### Source records
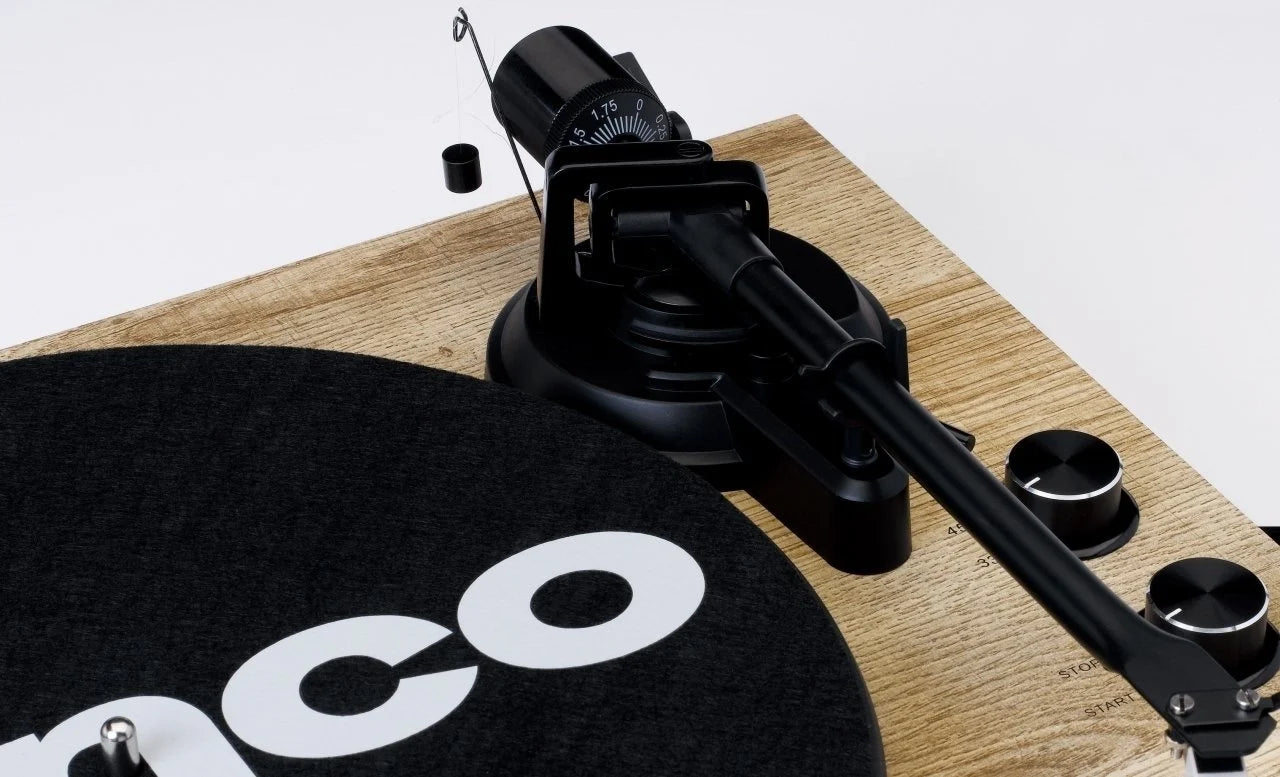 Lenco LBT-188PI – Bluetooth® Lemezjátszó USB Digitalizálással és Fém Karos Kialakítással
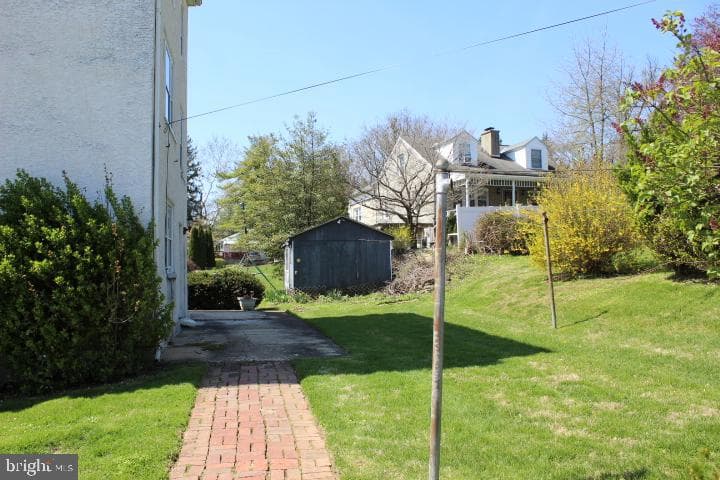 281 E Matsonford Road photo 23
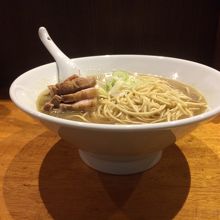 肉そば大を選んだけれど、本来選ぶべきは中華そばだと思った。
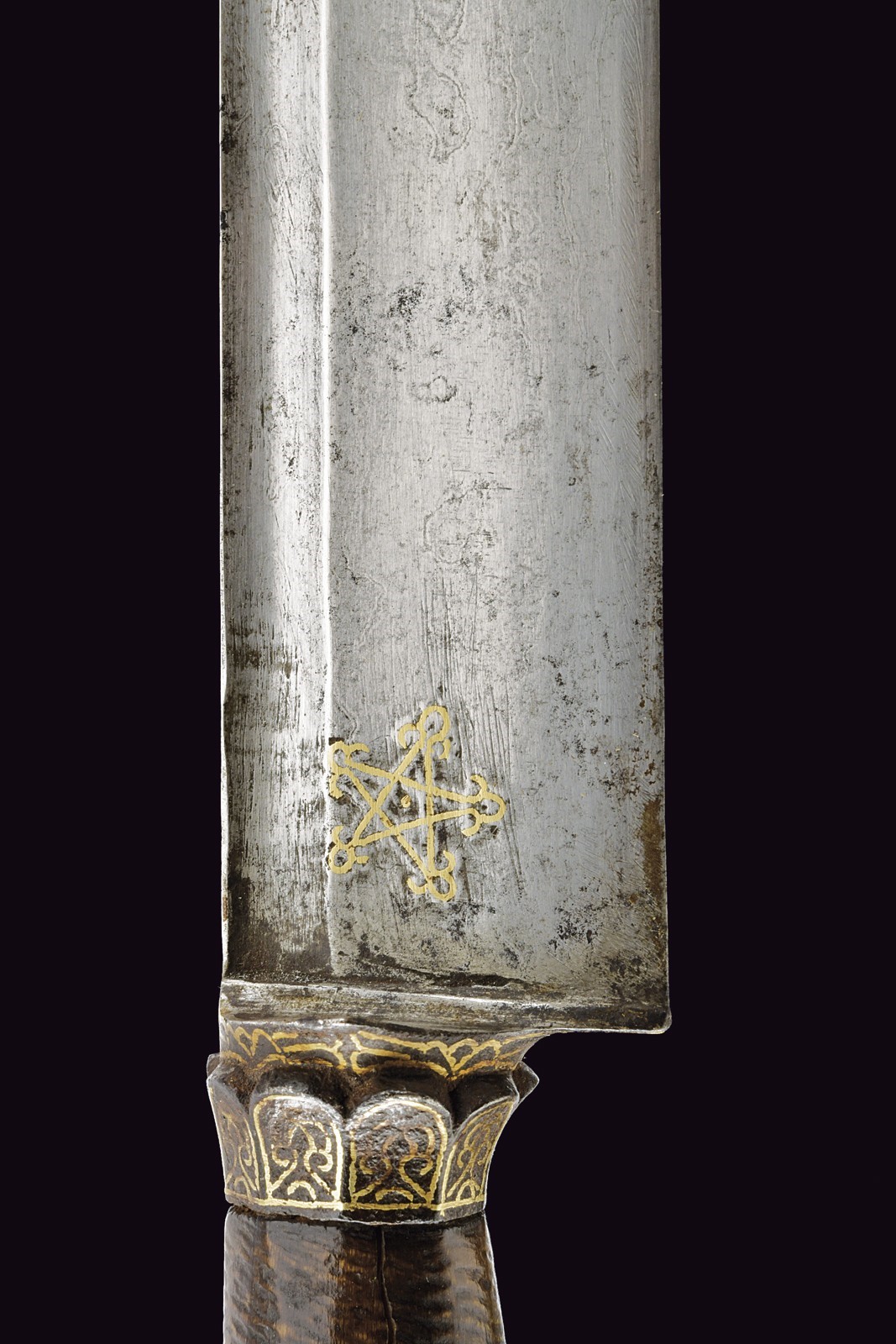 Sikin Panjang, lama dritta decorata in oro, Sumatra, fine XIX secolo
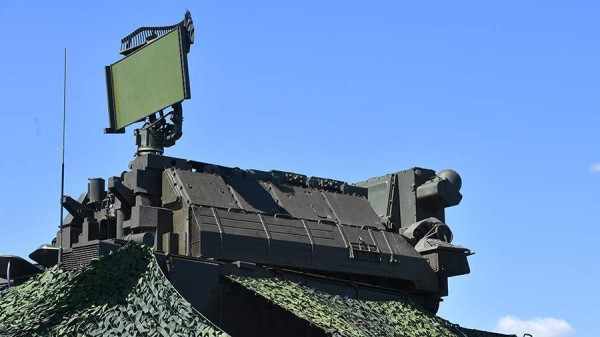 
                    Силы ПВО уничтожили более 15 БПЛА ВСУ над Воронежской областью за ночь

### What is needed
Omitting all pictures, restate word for word the lines from the one containing "肉そば大を選んだけれど、本来選ぶべきは中華そばだと思った。" through the last line of the data.

### Result for this task
 肉そば大を選んだけれど、本来選ぶべきは中華そばだと思った。
 Sikin Panjang, lama dritta decorata in oro, Sumatra, fine XIX secolo
                    Силы ПВО уничтожили более 15 БПЛА ВСУ над Воронежской областью за ночь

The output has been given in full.